The following regex matches underscore separated words, where there are at least two but no more than four words and each word begins with a letter but may contain letters and digits. It is fully commented so it should be pretty easy to modify to meet your precise needs. The following command line script demonstrates how to extract the first letters and combine them into a shortened string.
Code: Select all
<?php // test.php 2010-10-19
$data = "this string has two_words three_words_here and four_words_in_here and more string";
$re = '/# match underscore separated multi_word (2-4 words)

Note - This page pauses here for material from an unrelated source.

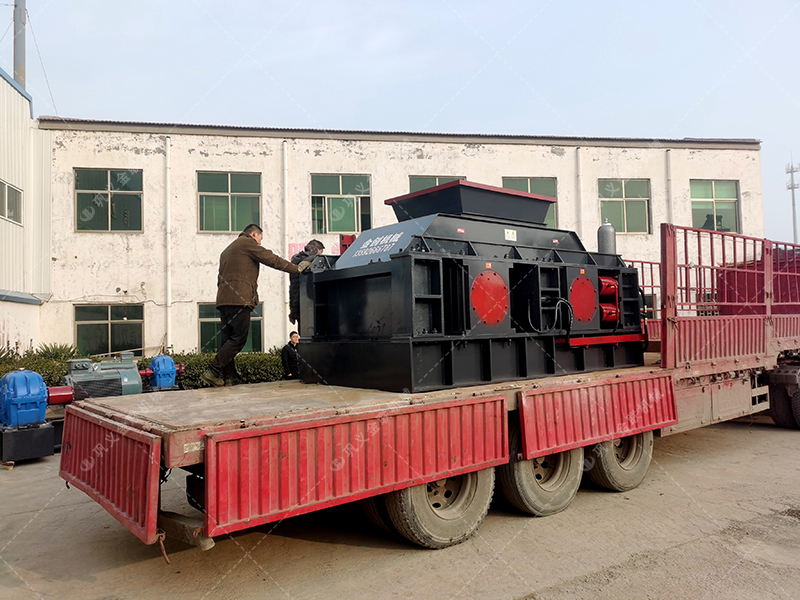 全自動(dòng)液壓對(duì)輥制砂機(jī)產(chǎn)量高嗎？?jī)r(jià)格貴嗎？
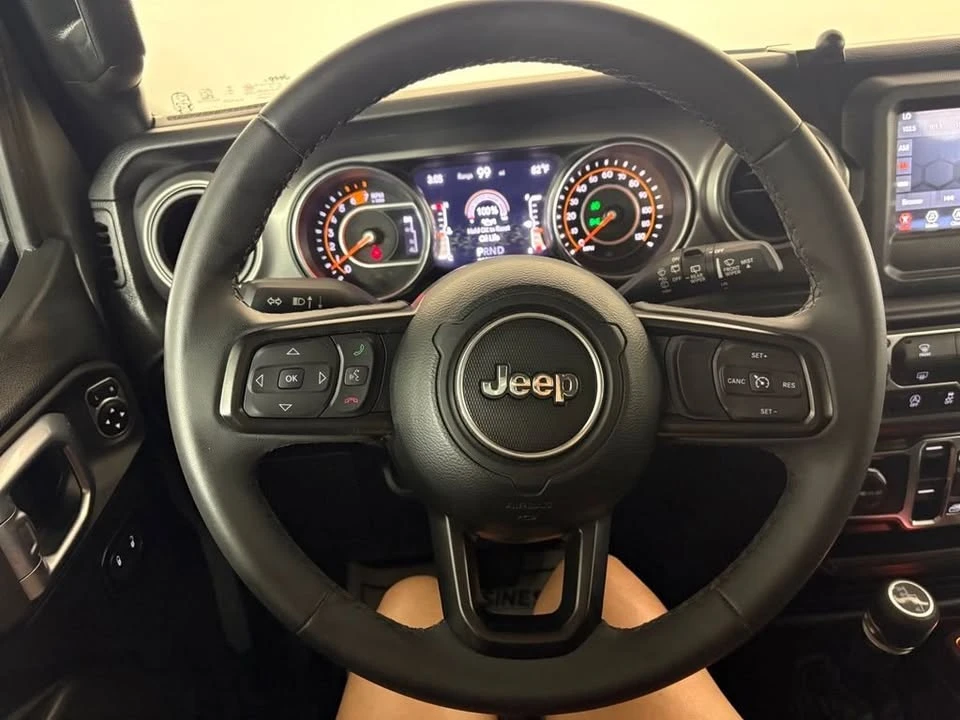 2023 Jeep JL Wrangler - Image 18 of 20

\b # anchor start to word boundary
([A-Z]) # $1 first letter of 1st word
[A-Z0-9]* # remainder of 1st word
_ # underscore separates 1st and 2nd
([A-Z]) # $2 first letter of 2nd word
[A-Z0-9]* # remainder of 2nd word
(?: # third word is optional
_ # underscore separates 2nd and 3rd
([A-Z]) # $3 first letter of 3rd word
[A-Z0-9]* # remainder of 3rd word
)? # third word is optional
(?: # fourth word is optional
_ # underscore separates 3rd and 4th
([A-Z]) # $4 first letter of 4th word
[A-Z0-9]* # remainder of 4th word
)? # fouth word is optional
\b # anchor end to word boundary
/ix';
$count = preg_match_all($re, $data, $matches, PREG_SET_ORDER);
for ($i = 0; $i < $count; $i++) {
$letters = "";
for ($j = 1; isset($matches[$i][$j]); $j++)
$letters .= $matches[$i][$j];
printf("Match %d = \"%s\", first letters = \"%s\"\n",
$i + 1, $matches[$i][0], $letters);
}
?>
Here is the output from the script:
[text]Match 1 = "two_words", first letters = "tw"
Match 2 = "three_words_here", first letters = "twh"
Match 3 = "four_words_in_here", first letters = "fwih"[/text]
Hope this helps!